# A Few Hamilton Rarities



## martinus_scriblerus (Sep 29, 2008)

Here's the group shot:










They are, from left to right, a Hamilton Pacermatic, Hamilton Electric Victor, Hamilton Electric "Specturn", and Hamilton Electric white gold Ventura










This Pacermatic is quite rare. Until this one, I had never seen one in person. I bought it from Harleymanstan on a recent trip to Texas. The vast majority of Pacers were electric, and made in great abundance (over 66,000). This watch has a caliber 667 automatic movement.










The Victor isn't particularly rare. Still a nice watch in pretty good shape. It has an engraving from 1962 on the back.










The Hamilton "Specturn" is one of none: Hamilton never made one. This watch combines a solid gold Hamilton Electric Spectra case with an NOS Hamilton Saturn dial. I think the combination is specturnacular!

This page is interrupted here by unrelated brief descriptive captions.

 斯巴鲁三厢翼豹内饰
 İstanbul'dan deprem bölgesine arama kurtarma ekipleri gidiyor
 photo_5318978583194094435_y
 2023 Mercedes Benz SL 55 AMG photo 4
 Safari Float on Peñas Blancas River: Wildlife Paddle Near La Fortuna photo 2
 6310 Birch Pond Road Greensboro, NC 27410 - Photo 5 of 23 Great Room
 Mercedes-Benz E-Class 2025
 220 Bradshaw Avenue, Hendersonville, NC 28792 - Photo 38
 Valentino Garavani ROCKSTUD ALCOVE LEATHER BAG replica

The white gold case is what really makes this watch unusual. I think Rene Rondeau told me that there were 30 yellow gold Venturas made for every white gold one. I got this one from Harleymanstan as well.


----------



## Mr Cracker (Nov 25, 2010)

Nice collection i really like the white gold Ventura


----------



## luckywatch (Feb 2, 2013)

martinus_scriblerus said:


> Here's the group shot:
> 
> 
> 
> ...


They are very special.


----------



## Silver Hawk (Dec 2, 2003)

Pacermatic for me.


----------



## carlt69 (Feb 26, 2010)

Different, but nice, I hope you enjoy them


----------



## Darren Bullock (Mar 23, 2013)

An unusual bunch, look very interesting, nice collection


----------



## mihaixp (Nov 9, 2010)

I really love these asymmetrical Hamiltons.

Still, the WG Ventura is the best looking out of the bunch, in my opinion. As far as I remember it has a 14K gold case. Am I right?


----------



## Juan Luis (Apr 7, 2013)

Beautiful! Great looking WG Ventura and Pacermatic!


----------



## Cheeseboy24 (May 4, 2013)

The new Hamiltons also seem to have that "classic" look for those that don't want an oversized watch


----------



## sleepy (Oct 28, 2012)

A really nice collection, i've been looking for my first hamilton but haven't found it yet.


----------



## ecodrive-nl (May 8, 2013)

great looking watches !


----------